Return the lines of the listing below exactly as they appear, beginning at the one with "Load image into" and stopping after the one with "AN IDEAL PARISIAN"; do not include pictures.

Dataset content –
-=-=-=-=-
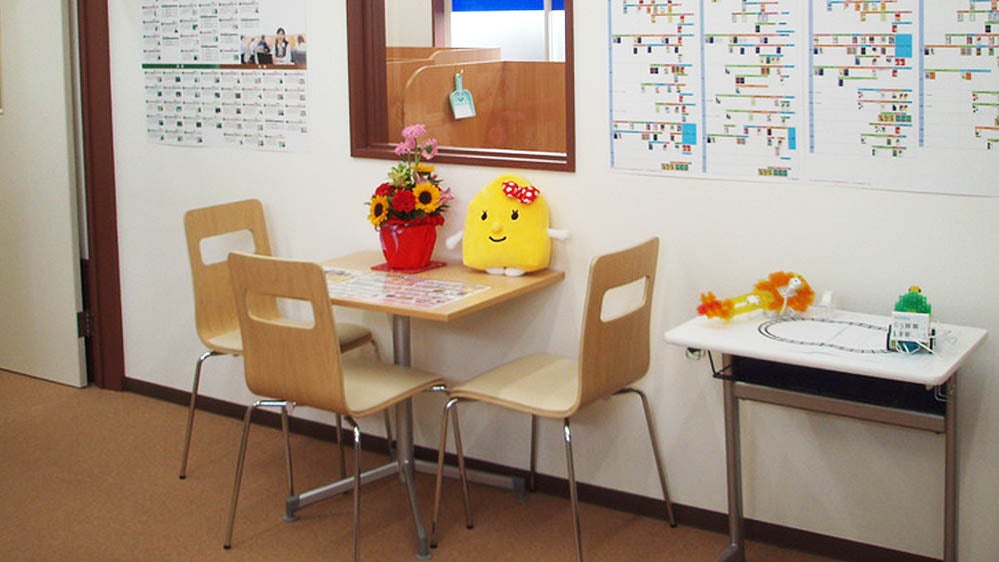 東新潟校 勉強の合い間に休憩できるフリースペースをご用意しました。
-=-=-=-=-
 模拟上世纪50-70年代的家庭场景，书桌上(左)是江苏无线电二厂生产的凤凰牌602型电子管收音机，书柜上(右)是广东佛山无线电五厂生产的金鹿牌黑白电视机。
-=-=-=-=-
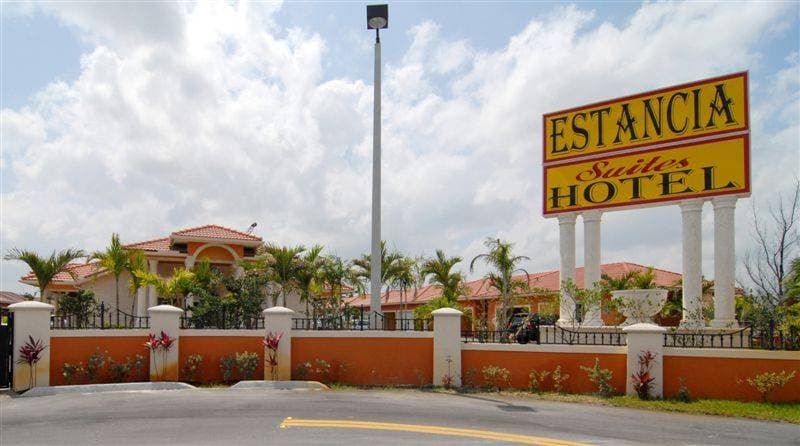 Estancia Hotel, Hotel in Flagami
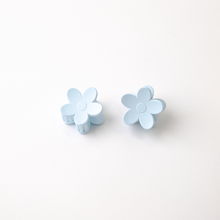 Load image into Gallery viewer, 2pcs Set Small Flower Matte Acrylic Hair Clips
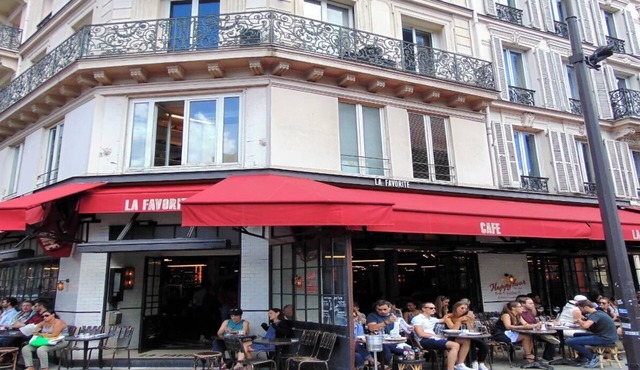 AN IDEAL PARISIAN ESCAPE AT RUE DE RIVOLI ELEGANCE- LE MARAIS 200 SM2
-=-=-=-=-
Exercise answer –
 Load image into Gallery viewer, 2pcs Set Small Flower Matte Acrylic Hair Clips
 AN IDEAL PARISIAN ESCAPE AT RUE DE RIVOLI ELEGANCE- LE MARAIS 200 SM2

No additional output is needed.